Use present-tense declarative statements. "The CLI exits 1 on unknown command" — not "should exit" or "ideally exits."

### Testable

The difference between a testable spec and a vague one is concrete, observable values:

- Vague: "The program handles Ctrl+C gracefully."
Precise: "First SIGINT sets a stopping flag and lets the current iteration complete. Second SIGINT calls os.Exit(0) immediately."
- Vague: "Long tool inputs are truncated."
Precise: "Tool inputs with more than one line display the first line followed by `... +N lines` where N is the remaining line count."
- Vague: "The system creates a default file if none exists."
Precise: "If tasks.json does not exist on Load, return an empty TaskList with Version 1.0. Do not create the file on disk until the first Save."
- Vague: "The system writes results to an output file."
Precise: "On successful completion, the command writes the result JSON to `{dir}/output.json` with 0644 permissions. If the file exists, it is overwritten atomically via write-to-temp-then-rename. If the directory does not exist, the command returns an error — it does not create parent directories."
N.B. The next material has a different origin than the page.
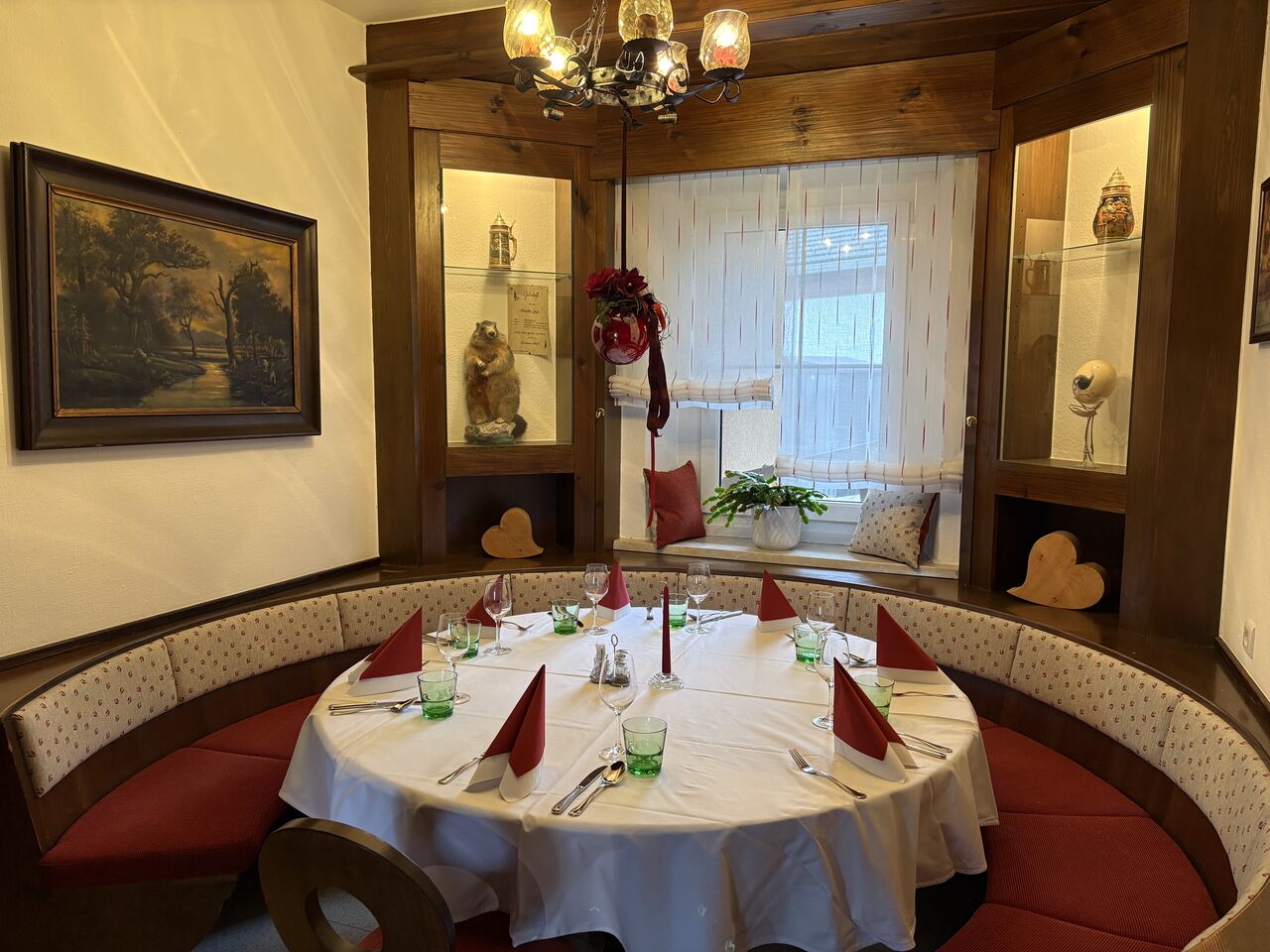 das Zimmerl - ein kleines extra Zimmer für bis zu 8 Personen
If a claim is hard to make precise, the behavior is underspecified — return to it and tighten it before moving on.

### Boundary-complete

Every input has defined behavior for empty, missing, and invalid cases. Every output has a defined format and error representation.

### Explicitly scoped

Every spec needs Goals and Non-Goals. Non-Goals are active exclusions, not a "future work" list.

### Decision rationale

Record why, not just what. Apply to non-obvious constraints and rejected alternatives — self-evident decisions don't need rationale. Keep rationale inline, close to the decision it explains.

### Defined vocabulary

Define terms once in a central glossary — a shared file (e.g., `glossary.md`) or a section in the specs directory README — and use them consistently. Agents treat synonyms as distinct concepts.

### Scannable structure

Each spec uses numbered top-level sections with horizontal rule dividers. Use tables for reference data, code blocks for formats, and subsection headings for distinct behavioral areas.

## Readiness Checklist

A spec is ready for implementation when all of these hold:

- [ ] Does the spec define observable behavior without prescribing internal implementation?
- [ ] Can you write a test assertion for every behavioral claim?
- [ ] Are all inputs covered for empty, missing, and invalid cases?
- [ ] Does every output have a defined format and error representation?
- [ ] Are cross-boundary contracts identified and specified?
- [ ] Do Non-Goals actively exclude the most likely scope creep?
- [ ] Do 5–15 concrete examples exist and were they easy to write?
- [ ] Does the spec use present-tense declarative statements without hedging?
- [ ] Do non-obvious decisions include inline rationale?
- [ ] Are terms defined in the glossary and used consistently?

If any criterion fails, the spec needs more work. This is expected — specs tighten through iteration.